*Available data:*
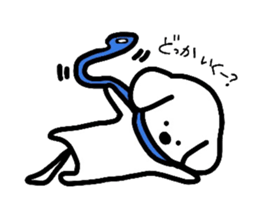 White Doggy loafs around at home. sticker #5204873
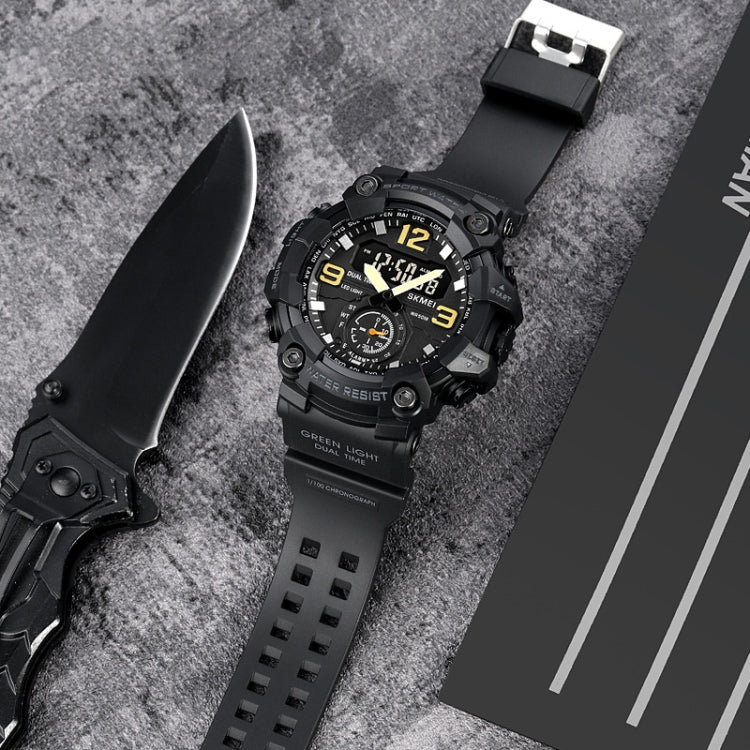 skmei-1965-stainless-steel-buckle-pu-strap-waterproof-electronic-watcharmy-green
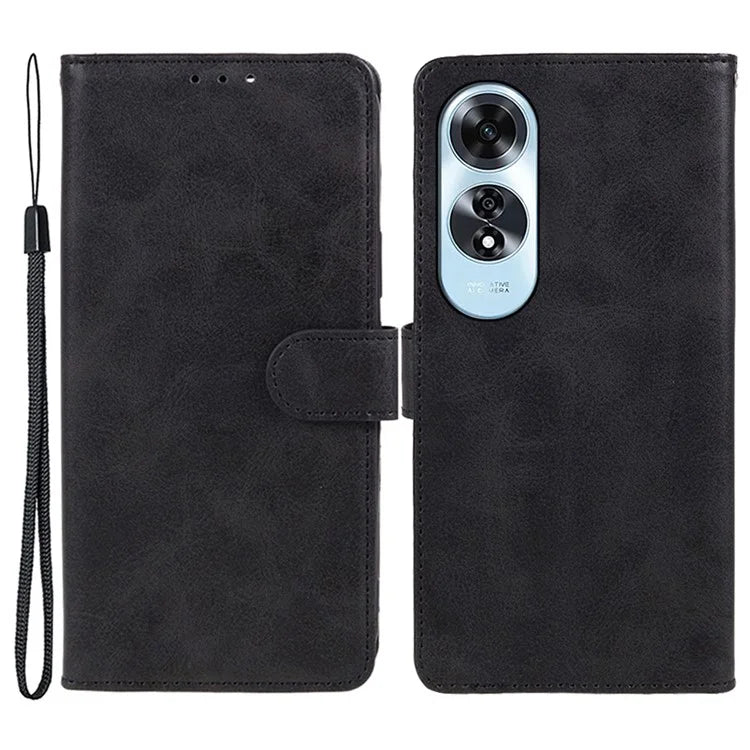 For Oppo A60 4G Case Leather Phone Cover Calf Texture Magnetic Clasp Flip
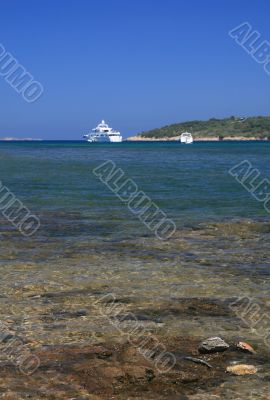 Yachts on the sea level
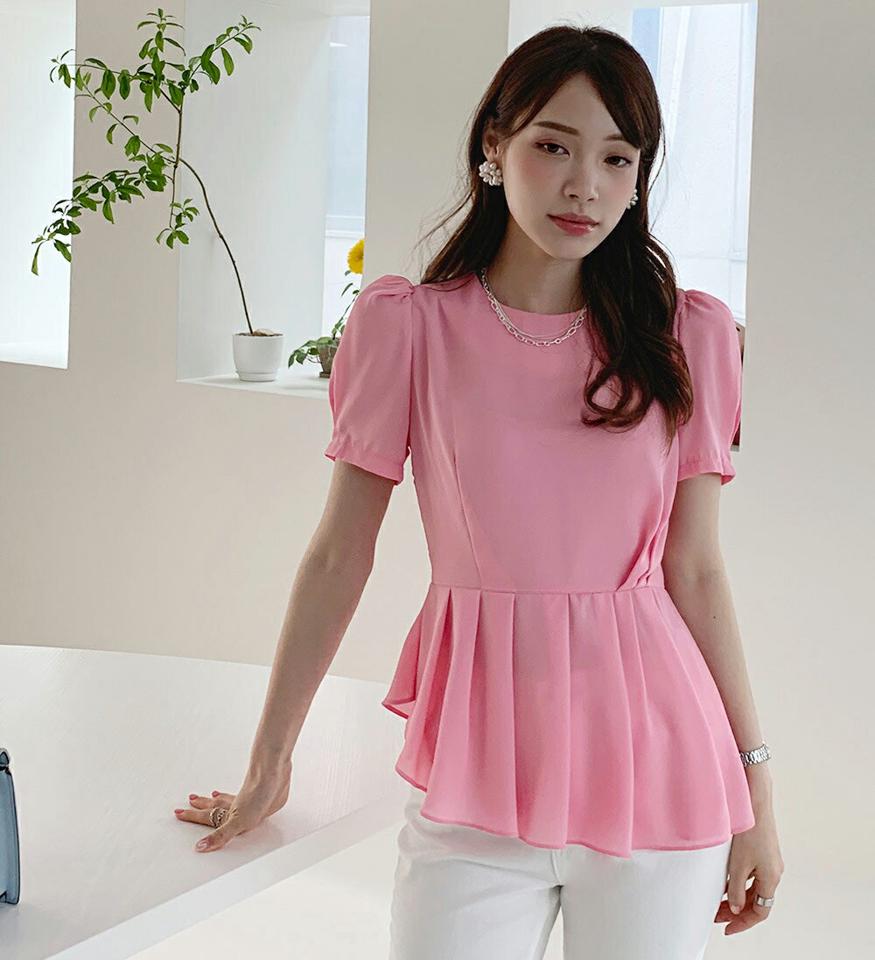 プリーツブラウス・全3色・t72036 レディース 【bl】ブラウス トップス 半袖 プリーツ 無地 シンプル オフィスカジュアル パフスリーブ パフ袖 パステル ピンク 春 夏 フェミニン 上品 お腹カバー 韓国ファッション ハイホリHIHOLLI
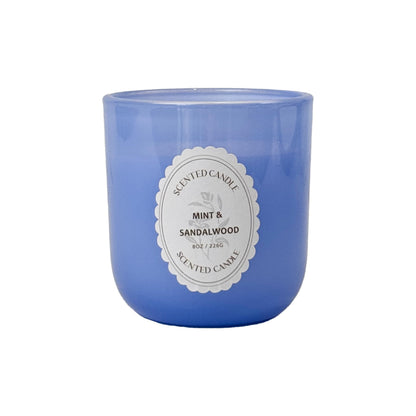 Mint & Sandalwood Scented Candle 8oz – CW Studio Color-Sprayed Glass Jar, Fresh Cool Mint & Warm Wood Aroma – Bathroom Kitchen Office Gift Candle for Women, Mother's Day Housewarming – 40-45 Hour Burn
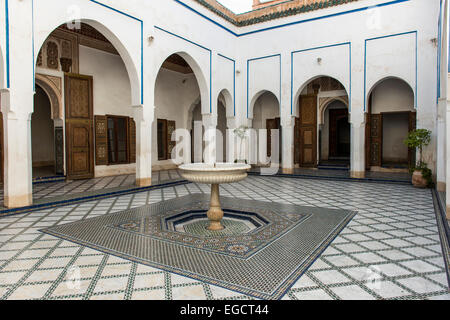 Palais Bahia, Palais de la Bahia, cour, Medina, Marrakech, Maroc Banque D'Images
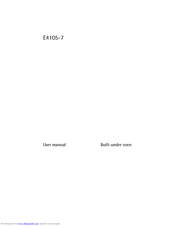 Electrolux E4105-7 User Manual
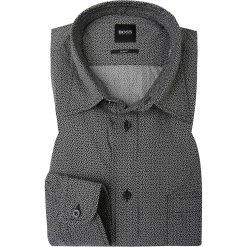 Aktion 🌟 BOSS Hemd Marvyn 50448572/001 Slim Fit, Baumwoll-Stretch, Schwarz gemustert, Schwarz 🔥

*Problem description:* Copy exactly, and copy nothing else: the lines from the start of the data above through the line that holds "プリーツブラウス・全3色・t72036 レディース 【bl】ブラウス". The pictures stay out.

*Solution for this exercise:*
 White Doggy loafs around at home. sticker #5204873
 skmei-1965-stainless-steel-buckle-pu-strap-waterproof-electronic-watcharmy-green
 For Oppo A60 4G Case Leather Phone Cover Calf Texture Magnetic Clasp Flip
 Yachts on the sea level
 プリーツブラウス・全3色・t72036 レディース 【bl】ブラウス トップス 半袖 プリーツ 無地 シンプル オフィスカジュアル パフスリーブ パフ袖 パステル ピンク 春 夏 フェミニン 上品 お腹カバー 韓国ファッション ハイホリHIHOLLI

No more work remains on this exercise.